→ **TASK INSTRUCTIONS**: Copy exactly, please, each line of the data below until the line that contains "Geox sandale copii" has been copied, beginning at the top.

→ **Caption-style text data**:
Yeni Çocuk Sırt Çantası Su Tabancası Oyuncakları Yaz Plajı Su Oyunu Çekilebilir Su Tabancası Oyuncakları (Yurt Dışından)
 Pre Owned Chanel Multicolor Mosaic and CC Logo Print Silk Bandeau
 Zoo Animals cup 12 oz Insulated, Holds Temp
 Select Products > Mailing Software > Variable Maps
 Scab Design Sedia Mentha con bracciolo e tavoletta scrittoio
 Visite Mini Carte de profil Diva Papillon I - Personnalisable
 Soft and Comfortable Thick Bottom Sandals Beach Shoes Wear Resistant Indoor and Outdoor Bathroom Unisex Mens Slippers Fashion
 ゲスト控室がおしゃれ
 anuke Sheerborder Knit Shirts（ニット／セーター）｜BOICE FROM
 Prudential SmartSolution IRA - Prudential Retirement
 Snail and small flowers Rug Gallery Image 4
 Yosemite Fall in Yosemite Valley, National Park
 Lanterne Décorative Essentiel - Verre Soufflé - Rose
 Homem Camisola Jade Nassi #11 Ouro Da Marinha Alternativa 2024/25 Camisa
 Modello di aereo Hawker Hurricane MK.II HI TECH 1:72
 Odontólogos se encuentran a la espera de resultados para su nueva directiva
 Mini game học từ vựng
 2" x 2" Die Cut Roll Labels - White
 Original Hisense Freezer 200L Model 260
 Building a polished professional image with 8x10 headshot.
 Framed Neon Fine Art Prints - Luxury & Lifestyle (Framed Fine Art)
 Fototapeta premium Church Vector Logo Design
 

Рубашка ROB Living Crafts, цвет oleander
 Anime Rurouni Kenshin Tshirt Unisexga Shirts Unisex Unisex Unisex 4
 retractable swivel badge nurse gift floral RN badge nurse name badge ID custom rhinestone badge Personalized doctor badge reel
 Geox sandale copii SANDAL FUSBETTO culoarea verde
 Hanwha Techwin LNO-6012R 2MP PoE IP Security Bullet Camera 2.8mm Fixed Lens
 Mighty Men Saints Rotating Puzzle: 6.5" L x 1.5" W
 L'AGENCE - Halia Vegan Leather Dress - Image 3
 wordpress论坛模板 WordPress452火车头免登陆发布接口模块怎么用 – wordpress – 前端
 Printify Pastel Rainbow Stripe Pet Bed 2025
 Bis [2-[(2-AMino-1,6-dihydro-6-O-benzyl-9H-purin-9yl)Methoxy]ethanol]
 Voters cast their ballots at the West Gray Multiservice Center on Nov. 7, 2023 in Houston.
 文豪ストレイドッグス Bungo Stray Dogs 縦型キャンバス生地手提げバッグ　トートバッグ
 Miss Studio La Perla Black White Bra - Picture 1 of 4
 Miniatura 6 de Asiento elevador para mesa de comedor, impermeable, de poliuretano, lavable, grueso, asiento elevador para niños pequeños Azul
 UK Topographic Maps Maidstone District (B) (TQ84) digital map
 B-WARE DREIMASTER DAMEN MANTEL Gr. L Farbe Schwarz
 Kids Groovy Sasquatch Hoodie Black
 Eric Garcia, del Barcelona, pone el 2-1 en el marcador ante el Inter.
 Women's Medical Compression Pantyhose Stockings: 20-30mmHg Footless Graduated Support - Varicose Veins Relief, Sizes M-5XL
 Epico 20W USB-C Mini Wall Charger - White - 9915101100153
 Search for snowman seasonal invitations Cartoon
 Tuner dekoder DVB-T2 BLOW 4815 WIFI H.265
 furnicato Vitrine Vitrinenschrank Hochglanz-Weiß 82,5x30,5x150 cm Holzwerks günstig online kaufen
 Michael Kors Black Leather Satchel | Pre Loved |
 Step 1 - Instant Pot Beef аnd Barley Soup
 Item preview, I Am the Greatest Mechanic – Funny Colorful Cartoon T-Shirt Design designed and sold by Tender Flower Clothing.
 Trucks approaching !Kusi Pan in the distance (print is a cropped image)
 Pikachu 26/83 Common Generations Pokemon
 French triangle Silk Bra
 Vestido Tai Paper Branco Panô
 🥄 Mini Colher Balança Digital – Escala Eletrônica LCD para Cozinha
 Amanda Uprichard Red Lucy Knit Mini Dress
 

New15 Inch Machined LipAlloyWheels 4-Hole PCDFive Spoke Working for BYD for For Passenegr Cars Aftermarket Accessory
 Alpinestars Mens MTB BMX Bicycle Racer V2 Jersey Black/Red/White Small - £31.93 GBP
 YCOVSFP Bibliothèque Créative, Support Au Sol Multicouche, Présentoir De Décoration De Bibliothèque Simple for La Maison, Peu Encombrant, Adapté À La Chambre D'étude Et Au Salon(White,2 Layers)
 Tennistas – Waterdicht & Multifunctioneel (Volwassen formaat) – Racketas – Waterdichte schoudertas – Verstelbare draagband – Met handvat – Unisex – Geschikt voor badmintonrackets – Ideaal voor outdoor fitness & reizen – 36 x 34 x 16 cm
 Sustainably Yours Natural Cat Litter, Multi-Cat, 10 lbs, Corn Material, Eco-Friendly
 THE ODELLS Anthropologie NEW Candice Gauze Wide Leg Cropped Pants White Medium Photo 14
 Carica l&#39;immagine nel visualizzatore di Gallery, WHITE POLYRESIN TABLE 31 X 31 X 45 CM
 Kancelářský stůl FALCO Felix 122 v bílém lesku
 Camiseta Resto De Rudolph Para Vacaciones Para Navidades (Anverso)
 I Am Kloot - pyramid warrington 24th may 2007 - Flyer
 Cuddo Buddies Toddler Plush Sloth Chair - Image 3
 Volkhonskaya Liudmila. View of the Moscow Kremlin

→ **SOLUTION FOR THIS EXERCISE**:
Yeni Çocuk Sırt Çantası Su Tabancası Oyuncakları Yaz Plajı Su Oyunu Çekilebilir Su Tabancası Oyuncakları (Yurt Dışından)
 Pre Owned Chanel Multicolor Mosaic and CC Logo Print Silk Bandeau
 Zoo Animals cup 12 oz Insulated, Holds Temp
 Select Products > Mailing Software > Variable Maps
 Scab Design Sedia Mentha con bracciolo e tavoletta scrittoio
 Visite Mini Carte de profil Diva Papillon I - Personnalisable
 Soft and Comfortable Thick Bottom Sandals Beach Shoes Wear Resistant Indoor and Outdoor Bathroom Unisex Mens Slippers Fashion
 ゲスト控室がおしゃれ
 anuke Sheerborder Knit Shirts（ニット／セーター）｜BOICE FROM
 Prudential SmartSolution IRA - Prudential Retirement
 Snail and small flowers Rug Gallery Image 4
 Yosemite Fall in Yosemite Valley, National Park
 Lanterne Décorative Essentiel - Verre Soufflé - Rose
 Homem Camisola Jade Nassi #11 Ouro Da Marinha Alternativa 2024/25 Camisa
 Modello di aereo Hawker Hurricane MK.II HI TECH 1:72
 Odontólogos se encuentran a la espera de resultados para su nueva directiva
 Mini game học từ vựng
 2" x 2" Die Cut Roll Labels - White
 Original Hisense Freezer 200L Model 260
 Building a polished professional image with 8x10 headshot.
 Framed Neon Fine Art Prints - Luxury & Lifestyle (Framed Fine Art)
 Fototapeta premium Church Vector Logo Design
 

Рубашка ROB Living Crafts, цвет oleander
 Anime Rurouni Kenshin Tshirt Unisexga Shirts Unisex Unisex Unisex 4
 retractable swivel badge nurse gift floral RN badge nurse name badge ID custom rhinestone badge Personalized doctor badge reel
 Geox sandale copii SANDAL FUSBETTO culoarea verde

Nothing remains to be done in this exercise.